Yep, I recognize it, You can Find all of them at www.lepatt.com


----------



## woodworker2001

Thanks guys


----------



## Lil' Rob

Reel...

I was wondering if you would happen to have that list of waypoints in an Excel file...with name, lat, & long each in its own column???

One of my mapping programs can take an Excel file and by telling the program which columns in the file are what, it will automatically plot every one of those waypoints and show them on the map.

If not, I'll convert it myself from Word to Excel...the old fashioned way...when I get time.


----------



## Cloud9

What day next week and which store is your presentation?


----------



## woodworker2001

We are presenting on Drift fishing at the Dundee store. Sat 1pm and Sun 5pm, and we will have a booth set up there for all day sat and sun so if anyone is up there stop by and say hi

Dan


----------



## reel

Lil' Rob, I'm not sure how to PM you a spreadsheet.
I am the web manager of our cemetery site here so I uploaded it here temporarily.

http://milancemetery.org/LakeErieLatLongListings.xls

...


----------



## Apparition

Woodworker,

I think I picked up the map that you are looking for in a handout at the boat show. If you want, I can scan and send you tomorrow (it is at work). It has the islands, reefs and just enough detail and color to make sense but not much clutter.


----------



## Lil' Rob

Reel...

That's great...appreciate it. For some reason, the alphabetical tab in the spreadsheet has 420 line items, while the east to west tab only has 402? I'll look through it later to compare and see what might have happened. 

Lil' Rob


----------



## reel

Not sure what happened. It is now revised, 420 items.
Thanks for pointing that out.
http://milancemetery.org/LakeErieLatLongListings.xls
...


----------



## Lil' Rob

I just went through it as well...some duplicate entries...a couple of omitted ones.

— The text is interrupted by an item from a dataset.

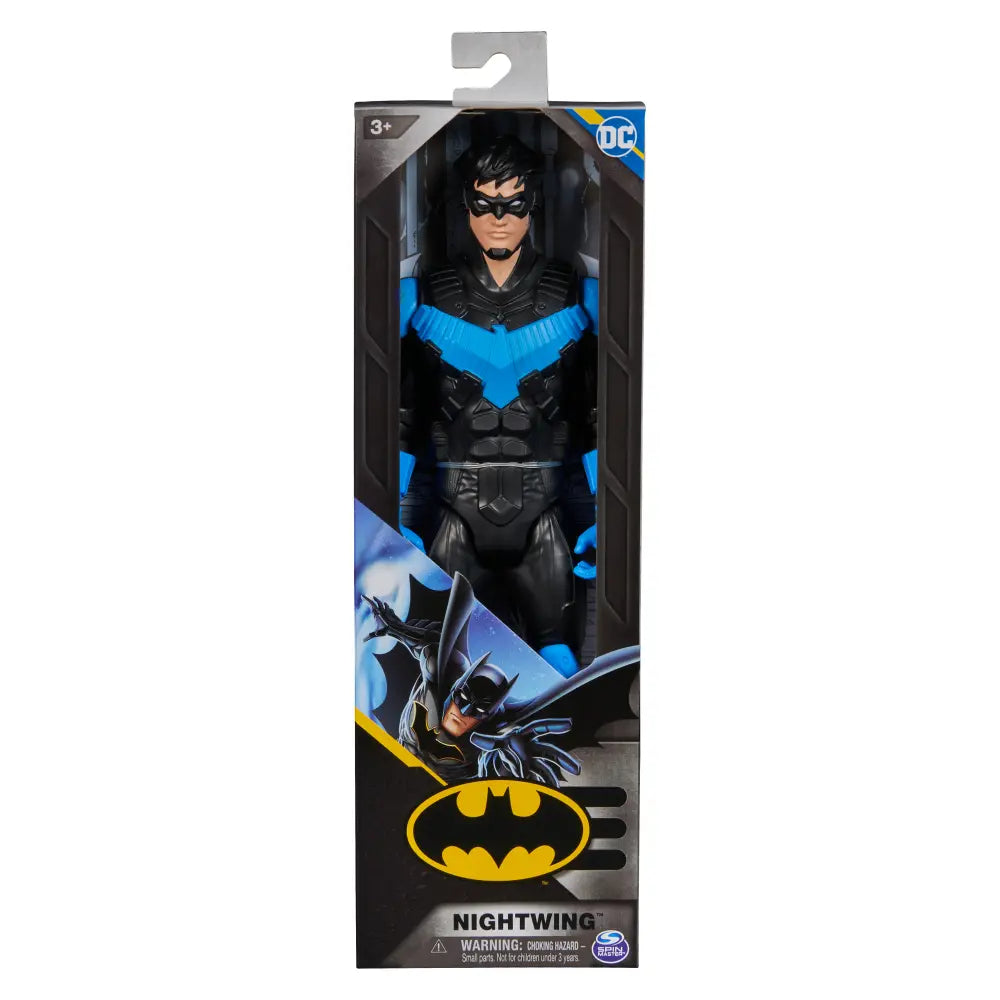 DC COMICS HERO+VILLAIN 12INCH 3ASST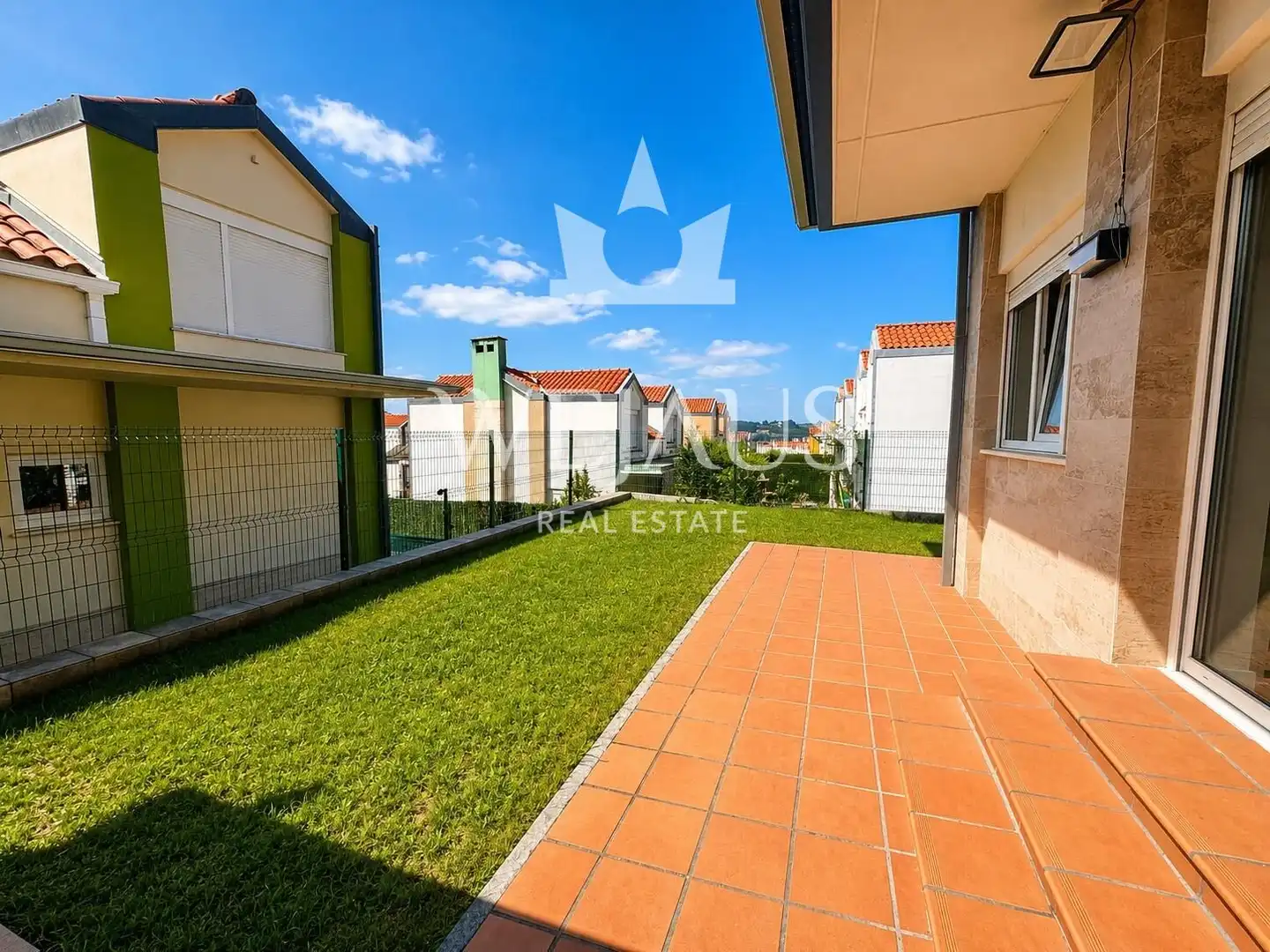 Terrace of Houses for sale in Piélagos  with Heating, Private garden and Terrace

I just imported the file into "Street Atlas 2008 Plus" and they all popped in with no problems. Thanks again.


----------



## woodworker2001

Sure that would be great!

Thanks Apparition

Dan


----------



## Apparition

[/IMG]

It did not scan as well as I thought it would. If you think it is worth it, I can e-mail. Sorry.


----------



## Apparition

I could not get the image on the post. My e-mail is [email protected]


----------



## woodworker2001

No problem I got a couple others I found so It will be ok

Thanks for trying though I sure do appreciate it!

Dan


----------



## Apparition

I made a couple for you today that I think will work well. Send me your e-mail and I will forward. I will be at work tomorrow so I might be able to change something if you can think of any specifics you want.

Have fun training. My wife will be in the area but for some reason she does not want to hear your talk!? Women?


----------



## woodworker2001

[email protected]

Thanks
Dan


----------